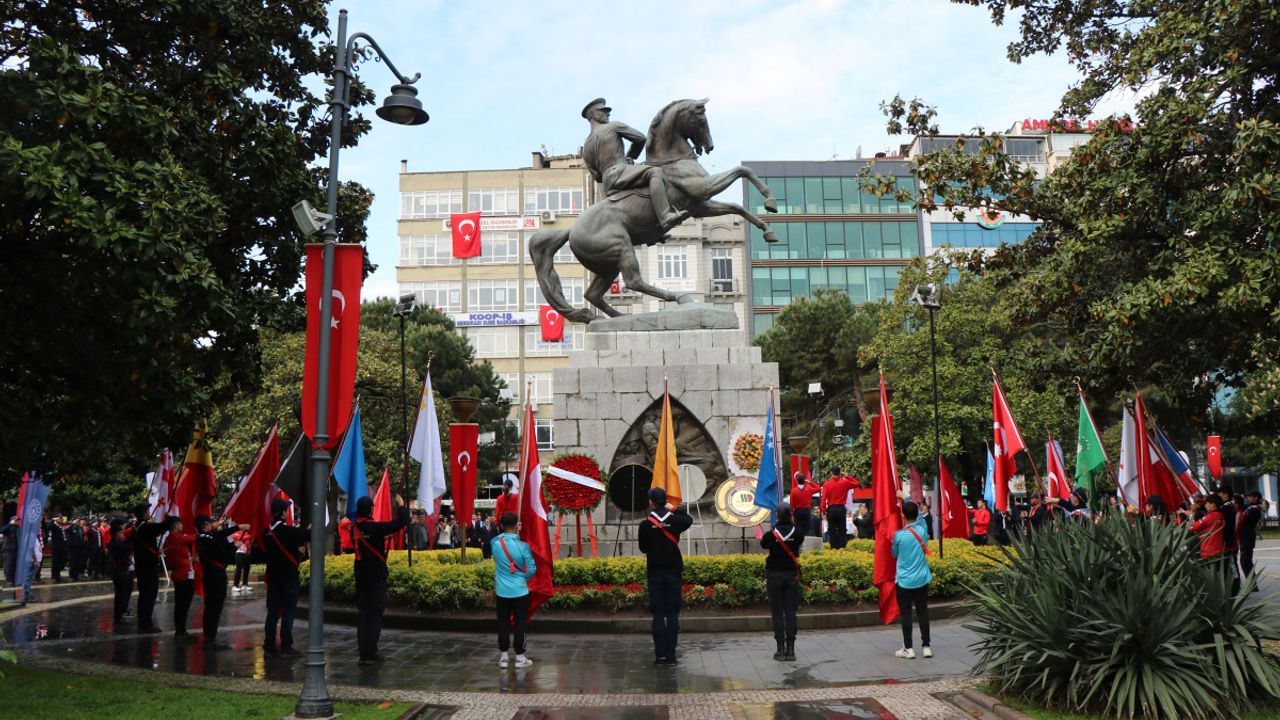 19 Mayıs kutlamaları Atatürk Anıtı'ndaki törenle başladı
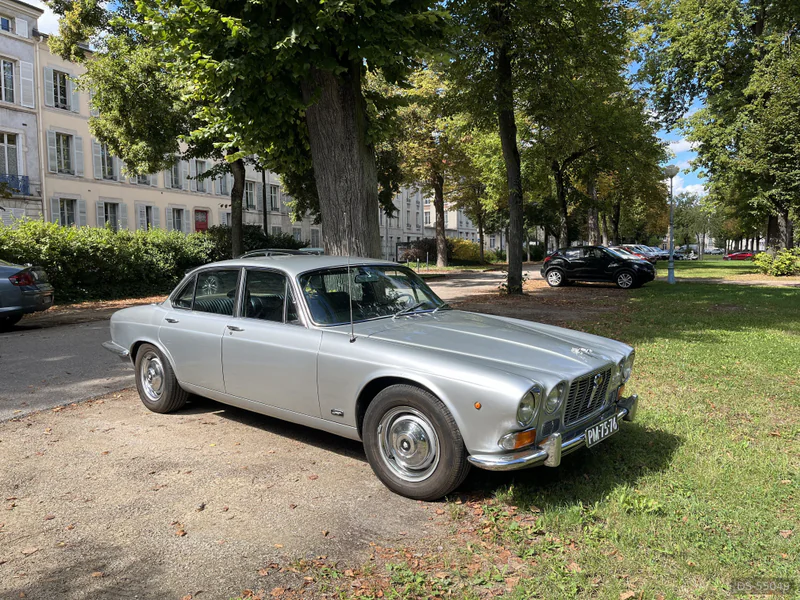 1969 Jaguar XJ6 in Amsterdam, De Pijp
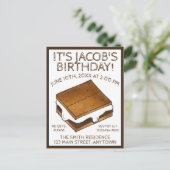 Invitation Carte Postale Fête d'anniversaire des Marshmallow S'mores au feu (Debout devant)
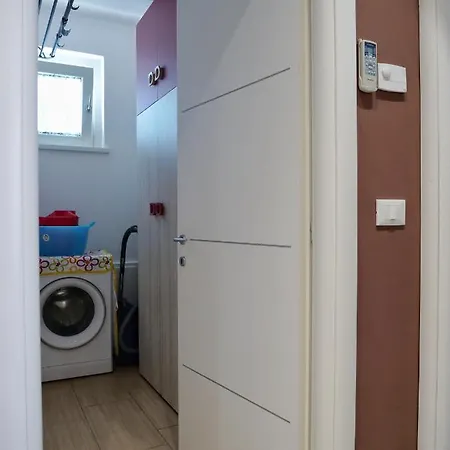 Casa Salumiere ‐ Bicamere Con Posto Auto Vicinissimo Spiagga Costa Azzurra Appartement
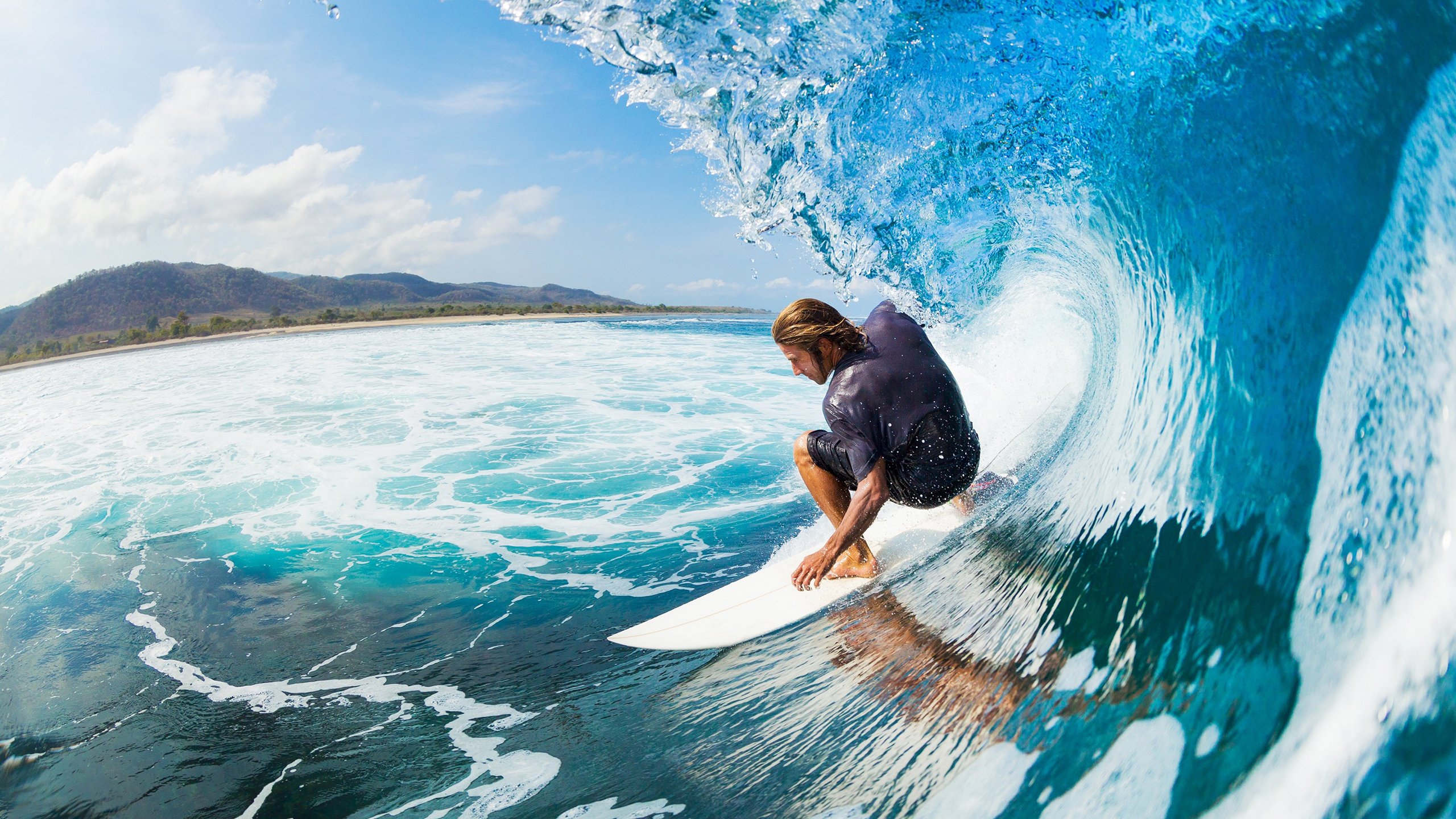 爱游戏app下载-“亚戈·卡尔曼的出色表现，成就美洲狮队防守与进攻的完美平衡”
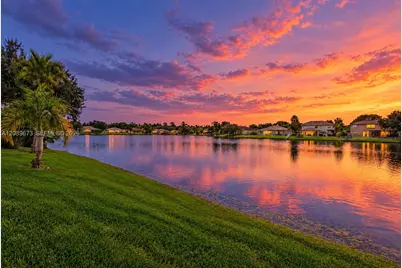 12922 NW 20th St, Pembroke Pines, FL 33028 - Photo 3
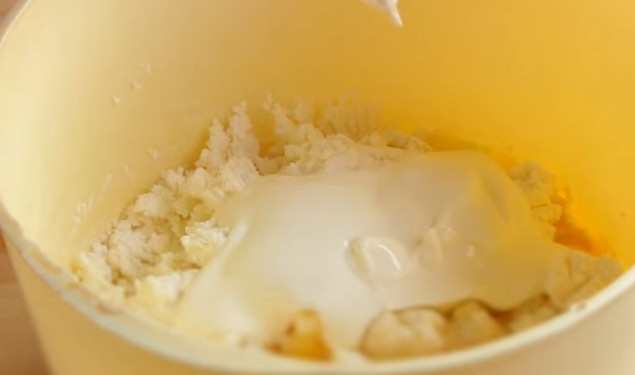 1. Этап. Творожный пирог с баклажанами: 6. Для начинки соедините творог, яйца, сметану, соль и погружным блендером взбейте до однородности. Затем добавьте тертый сыр и перемешайте.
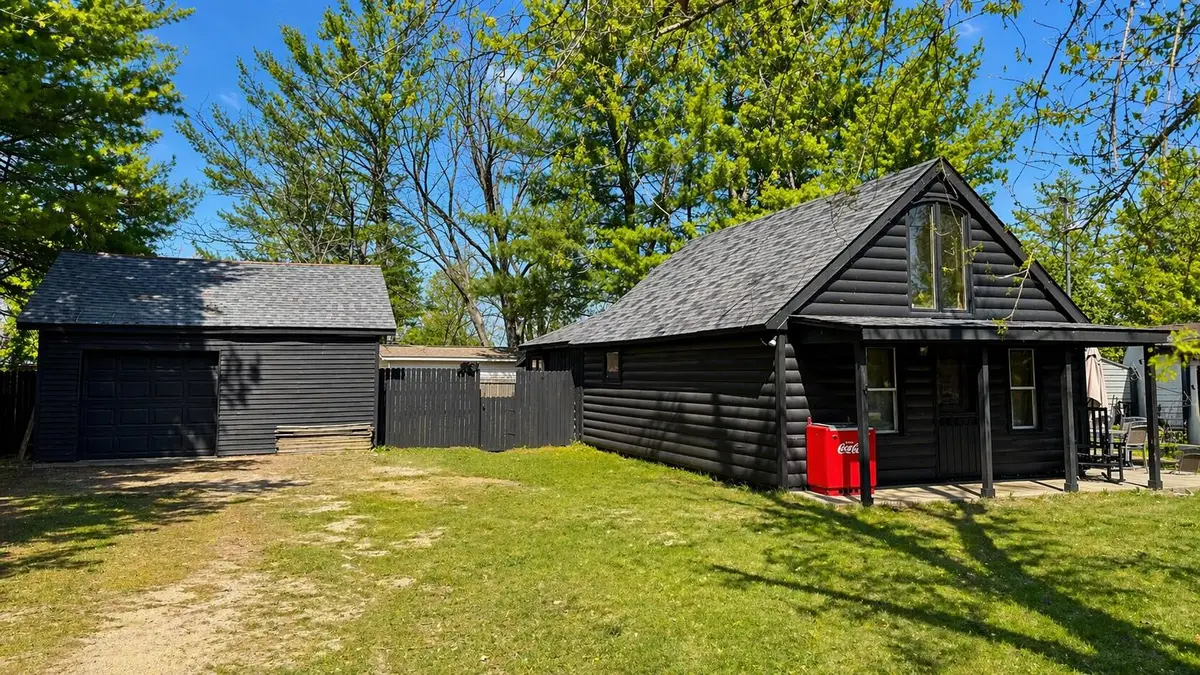 204 Beech Street, Houghton Lake, MI 48629 - #1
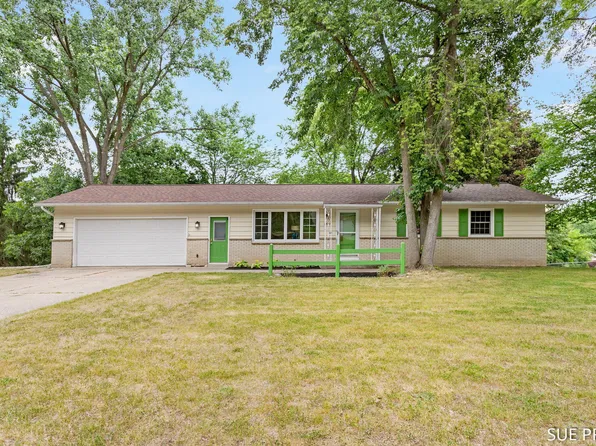 2611 Wabash Dr NE, Grand Rapids, MI 49525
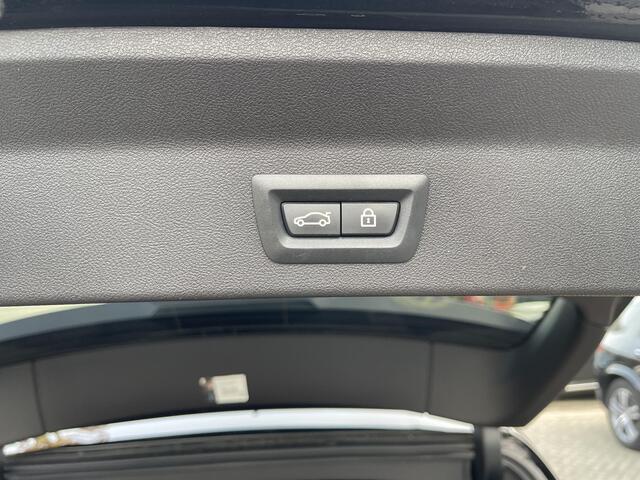 BMW X3 xDrive30e High Executive 19"/Leder + memory/Trekhaak/Dodehoek/Adaptieve cruise/360 Camera/Head-up/Stuur + stoelverwarming/Keyless/Elektrische klep/Apple Carplay & Android Auto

* **Task instructions**: Please retype the records above exactly, but leave out any pictures.

* **Finished exercise**:
 19 Mayıs kutlamaları Atatürk Anıtı'ndaki törenle başladı
 1969 Jaguar XJ6 in Amsterdam, De Pijp
 Invitation Carte Postale Fête d'anniversaire des Marshmallow S'mores au feu (Debout devant)
 Casa Salumiere ‐ Bicamere Con Posto Auto Vicinissimo Spiagga Costa Azzurra Appartement
 爱游戏app下载-“亚戈·卡尔曼的出色表现，成就美洲狮队防守与进攻的完美平衡”
 12922 NW 20th St, Pembroke Pines, FL 33028 - Photo 3
 1. Этап. Творожный пирог с баклажанами: 6. Для начинки соедините творог, яйца, сметану, соль и погружным блендером взбейте до однородности. Затем добавьте тертый сыр и перемешайте.
 204 Beech Street, Houghton Lake, MI 48629 - #1
 2611 Wabash Dr NE, Grand Rapids, MI 49525
 BMW X3 xDrive30e High Executive 19"/Leder + memory/Trekhaak/Dodehoek/Adaptieve cruise/360 Camera/Head-up/Stuur + stoelverwarming/Keyless/Elektrische klep/Apple Carplay & Android Auto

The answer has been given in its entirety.